→ **SUPPLIED MATERIAL**
◆ ◆ ◆
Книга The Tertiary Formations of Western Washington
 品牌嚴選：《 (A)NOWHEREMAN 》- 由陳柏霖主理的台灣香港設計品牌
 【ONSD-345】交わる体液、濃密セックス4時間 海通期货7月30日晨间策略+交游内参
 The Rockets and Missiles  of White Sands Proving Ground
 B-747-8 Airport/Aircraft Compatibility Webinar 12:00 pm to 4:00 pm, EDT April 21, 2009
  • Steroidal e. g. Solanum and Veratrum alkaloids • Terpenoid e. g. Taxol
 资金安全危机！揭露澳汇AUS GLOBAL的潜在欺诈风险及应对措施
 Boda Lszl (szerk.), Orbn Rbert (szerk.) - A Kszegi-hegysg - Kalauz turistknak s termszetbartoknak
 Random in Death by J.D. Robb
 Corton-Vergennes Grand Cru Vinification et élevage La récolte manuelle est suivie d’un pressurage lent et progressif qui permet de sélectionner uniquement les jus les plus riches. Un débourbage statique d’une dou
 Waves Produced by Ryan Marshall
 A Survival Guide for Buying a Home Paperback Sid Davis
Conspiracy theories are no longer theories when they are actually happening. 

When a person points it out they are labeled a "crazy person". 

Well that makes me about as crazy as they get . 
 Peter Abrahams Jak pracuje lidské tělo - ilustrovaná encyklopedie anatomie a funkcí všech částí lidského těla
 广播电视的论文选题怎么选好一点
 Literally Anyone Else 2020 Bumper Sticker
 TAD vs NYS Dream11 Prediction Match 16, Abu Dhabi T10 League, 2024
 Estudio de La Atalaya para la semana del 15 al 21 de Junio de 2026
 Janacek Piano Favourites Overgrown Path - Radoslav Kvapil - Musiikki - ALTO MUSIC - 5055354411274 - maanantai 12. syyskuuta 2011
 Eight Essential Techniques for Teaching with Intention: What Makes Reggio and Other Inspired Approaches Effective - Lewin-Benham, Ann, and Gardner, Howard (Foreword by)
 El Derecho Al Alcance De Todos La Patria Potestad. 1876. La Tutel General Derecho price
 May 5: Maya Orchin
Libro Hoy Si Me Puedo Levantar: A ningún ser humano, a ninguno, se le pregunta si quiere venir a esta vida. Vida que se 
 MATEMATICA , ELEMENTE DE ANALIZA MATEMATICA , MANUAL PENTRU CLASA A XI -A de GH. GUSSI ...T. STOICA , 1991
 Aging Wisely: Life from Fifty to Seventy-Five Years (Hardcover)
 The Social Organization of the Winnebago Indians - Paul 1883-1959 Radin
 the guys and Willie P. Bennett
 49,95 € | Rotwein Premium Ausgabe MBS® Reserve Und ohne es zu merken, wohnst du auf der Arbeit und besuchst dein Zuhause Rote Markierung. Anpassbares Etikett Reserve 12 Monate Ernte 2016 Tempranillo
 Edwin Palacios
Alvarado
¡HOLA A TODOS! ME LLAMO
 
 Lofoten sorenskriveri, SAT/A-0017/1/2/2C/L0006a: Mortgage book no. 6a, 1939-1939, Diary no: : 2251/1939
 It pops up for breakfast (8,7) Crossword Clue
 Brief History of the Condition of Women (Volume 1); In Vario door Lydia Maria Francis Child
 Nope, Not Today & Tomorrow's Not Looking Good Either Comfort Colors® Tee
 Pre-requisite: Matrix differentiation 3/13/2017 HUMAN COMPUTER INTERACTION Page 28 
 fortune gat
◆ ◆ ◆
→ **EXERCISE AIM**
From the entries above, restate word for word the lines from the line containing "the guys and Willie P. Bennett" to the line containing "TODOS! ME LLAMO", both ends included, and nothing more.

→ **FINAL ANSWER**
 the guys and Willie P. Bennett
 49,95 € | Rotwein Premium Ausgabe MBS® Reserve Und ohne es zu merken, wohnst du auf der Arbeit und besuchst dein Zuhause Rote Markierung. Anpassbares Etikett Reserve 12 Monate Ernte 2016 Tempranillo
 Edwin Palacios
Alvarado
¡HOLA A TODOS! ME LLAMO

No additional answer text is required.